◆ **THE TASK**: Quote, exactly, the line holding "Maison de charme" and all lines after it to the end of the records below. Exclude pictures.

○ ○ ○ ○ ○

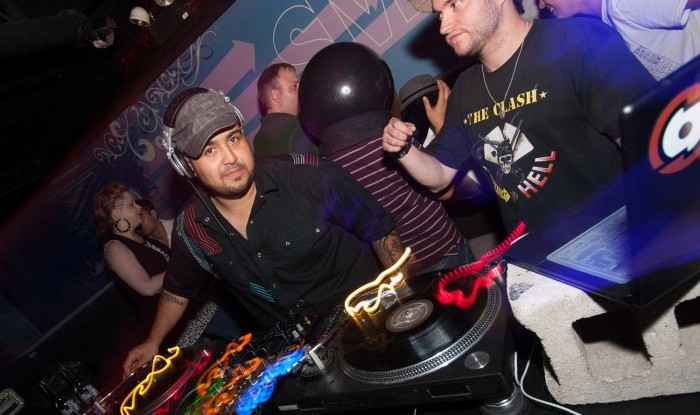 JUSTIN LONG & LUIS BARO @ SmartBar July 19, 2008_03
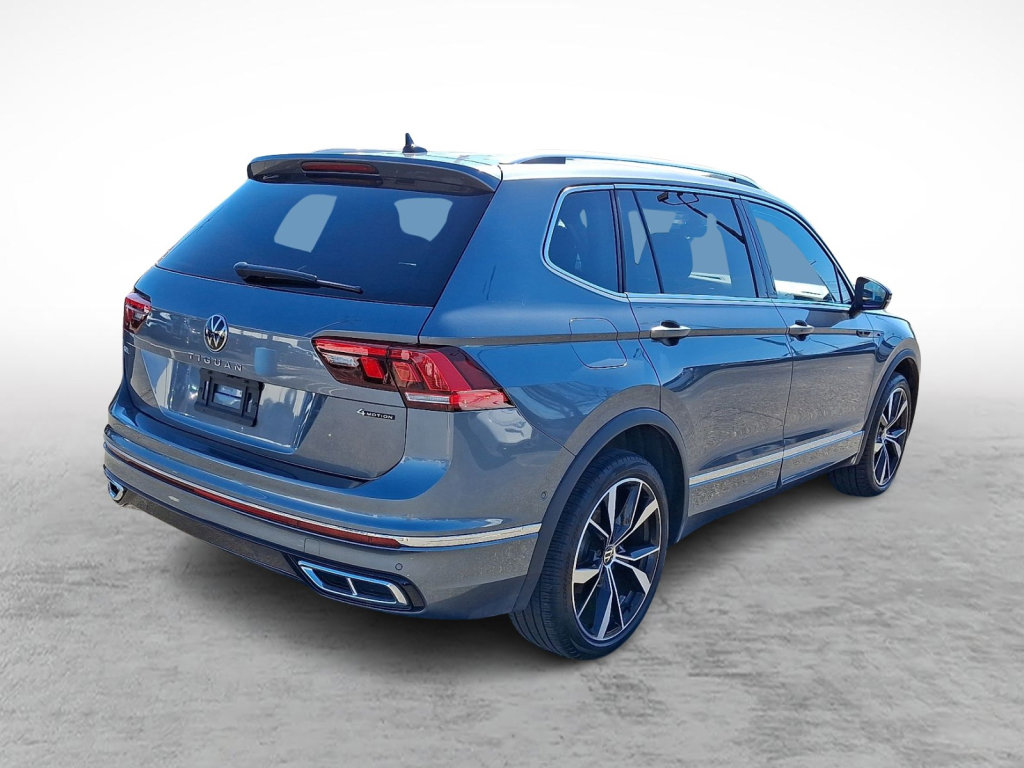 Used 2024 Volkswagen Tiguan SEL R-Line image 5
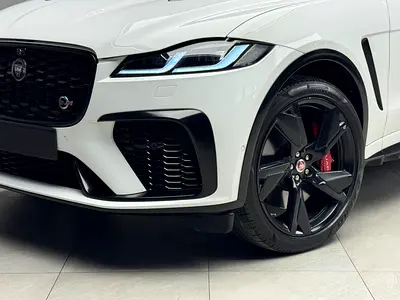 2021 Jaguar F-PACE — фото 4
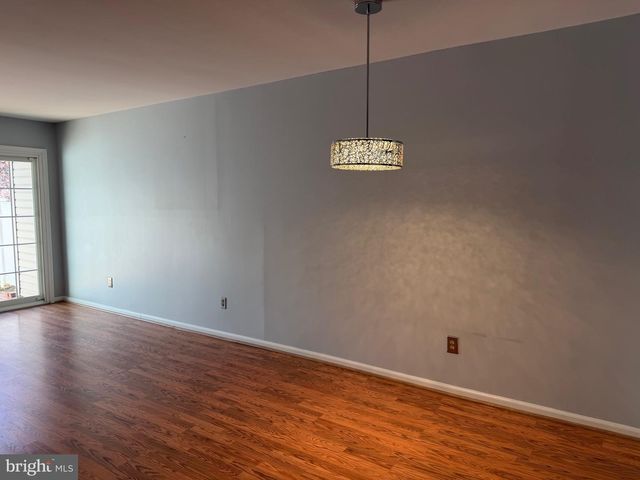 16012 BEACON HILL DR, Southampton, PA 18966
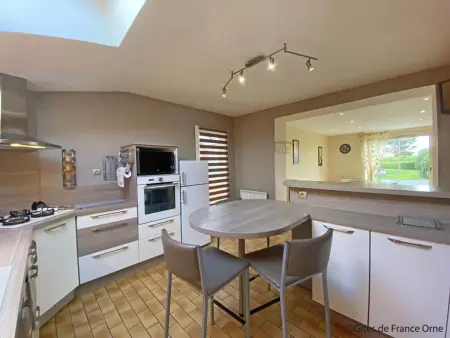 Maison de charme en granit avec jardin clos, tout inclus, près de Domfront - Photo 2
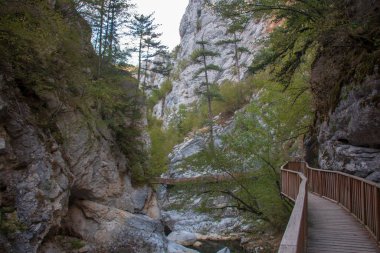 Horma Kanyonu, Kure Dağları Ulusal Parkı. Dağlardan geçen sular ve tehlikeli yürüyüş yolları.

○ ○ ○ ○ ○

◆ **SOLUTION FOR THIS PROBLEM**:
 Maison de charme en granit avec jardin clos, tout inclus, près de Domfront - Photo 2
 Horma Kanyonu, Kure Dağları Ulusal Parkı. Dağlardan geçen sular ve tehlikeli yürüyüş yolları.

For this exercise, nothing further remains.